The Aether didn’t move for her. Not so much as a trickle. She shouldn’t fear water; she was Crane, for the Lady’s sake. Her panic should force the Change and free her from her murderous gown. She reached out, but she found nothing. No trace of the sparkling water that was her birthright. No Crane beating inside her.
She couldn’t hold her breath any longer. Liquid seeped into her mouth, and instinctively she coughed. No air. No light. No Aether. She choked on the river of death.
Drowning was a quiet affair. Welcoming, freezing. Be quiet, the river crooned. Be peaceful.
Her helplessness fueled a rage inside her. No, she told the river. She wouldn’t be complacent in her own demise. She fought her skirts, tried to find the ties that would free her.
And then someone grabbed her hand. Corbette’s mouth was suddenly on hers, and he was feeding her a breath. Lady of Life. She felt the ties snap and his blade against her skin. The sharp edge scraped her in his haste, but the pain jolted her oxygen-deprived mind. He helped wrestle her out of the fabric and dragged her to the surface. Her head broke water. Oxygen. Sweet, sweet oxygen. Her greed for it was so great she couldn’t force the water first from her lungs. She thrashed.
“Easy, easy now. I’ve got you.” Corbette towed her on her back in a lifeguard’s hold. He dragged her to the shore and up onto a hard, rocky beach. Her chest heaved. She couldn’t stop coughing. It felt like she’d swallowed the entire river. Only once she was safely out of the river’s reach did he collapse by her side,
her icy skin white as snow next to his sun-tinted arm. Their breath steamed in the cold. They lay side by side for a long moment, treasuring each breath of clean, easy air.
“Thank you,” Lucia whispered.
“I couldn’t Change.” His voice was hoarse.
She rolled her head to the side and looked at him. His wet black hair was plastered to his neck. He’d ditched his suit jacket and wore only wet wool trousers and a slick white linen shirt that clung to his soaking body. His hands were fisted against his sides. Why hadn’t he dried himself with the Aether? Why hadn’t he pulled fresh clothes and sluiced the water from his hair?
“You can’t Change?” she asked, as the impact of that thought hit her, another blow stole a precious breath. “You can’t touch the Aether.”
He stared at the strange swirling sky.
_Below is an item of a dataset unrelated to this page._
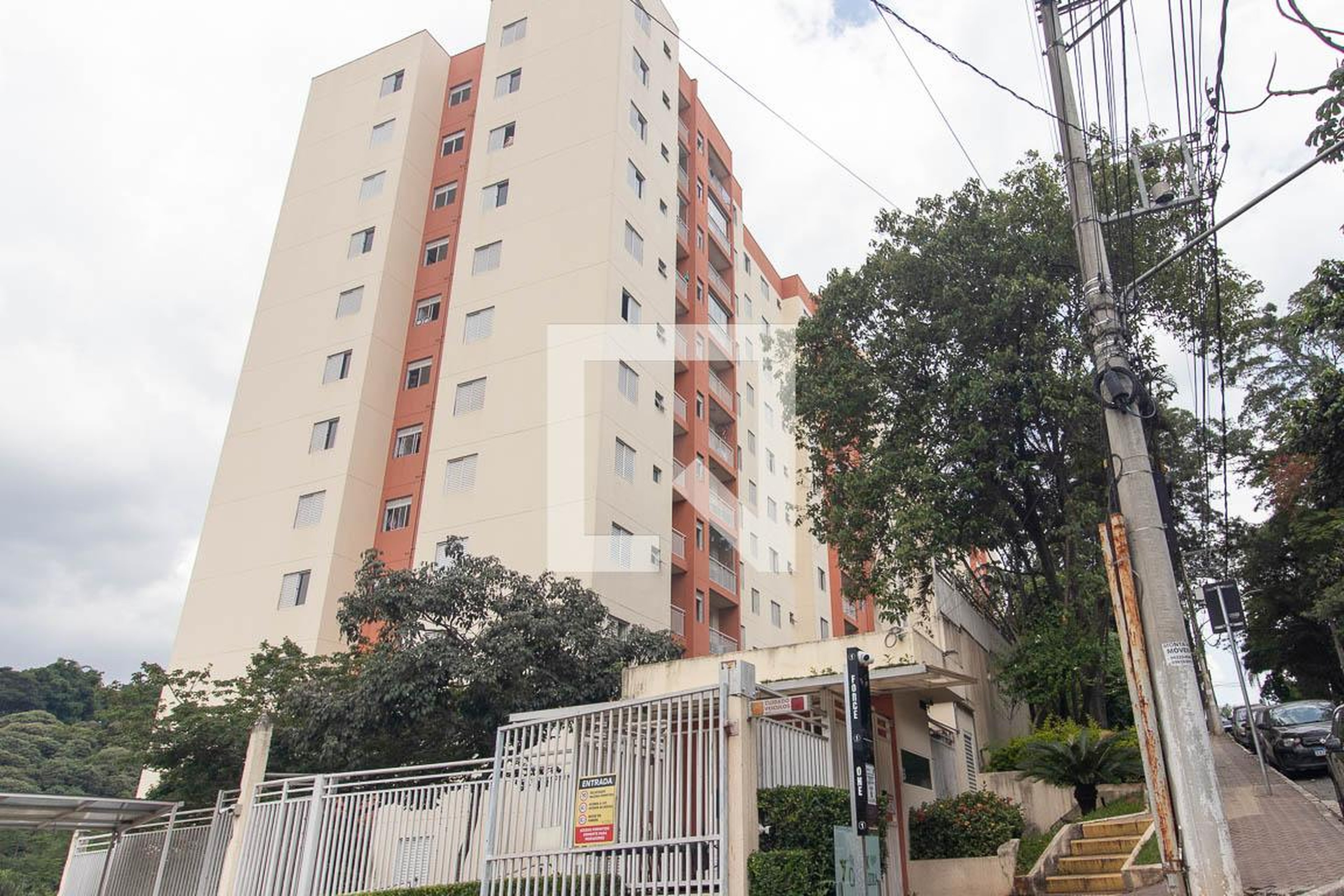 Fachada Residencial Park Cantareira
There was no sign of the tunnel they’d fallen from. There was nothing to indicate they were underground at all.
She sat up and rubbed her arms to get the blood flowing. Lady be, she was so cold. What she’d taken for driftwood and rocks turned out to be metal scrap. Giant pipes and half-buried machinery and, beneath her fingers, ancient coins, bent fasteners, and small, lost buttons.
Something was deeply wrong. She tested herself. All her limbs seemed to be in order. Nothing broken, just bruised from the impact of hitting the water. A few scrapes from the slide and a thin line of blood where Corbette’s knife had cut the gown from her back. But when she reached inside herself for her totem self, her Crane, she found nothing. No trace of the bird spirit that had been her constant companion for the last five years. “The Crane is gone.”
“Yes.”
“You don’t feel the Raven inside you?”
He swallowed and shook his head.
“The pain when we hit the river.” Lady, Lady. Without her totem, was she even Kivati? She wrapped her arms around herself. “Are we dead?”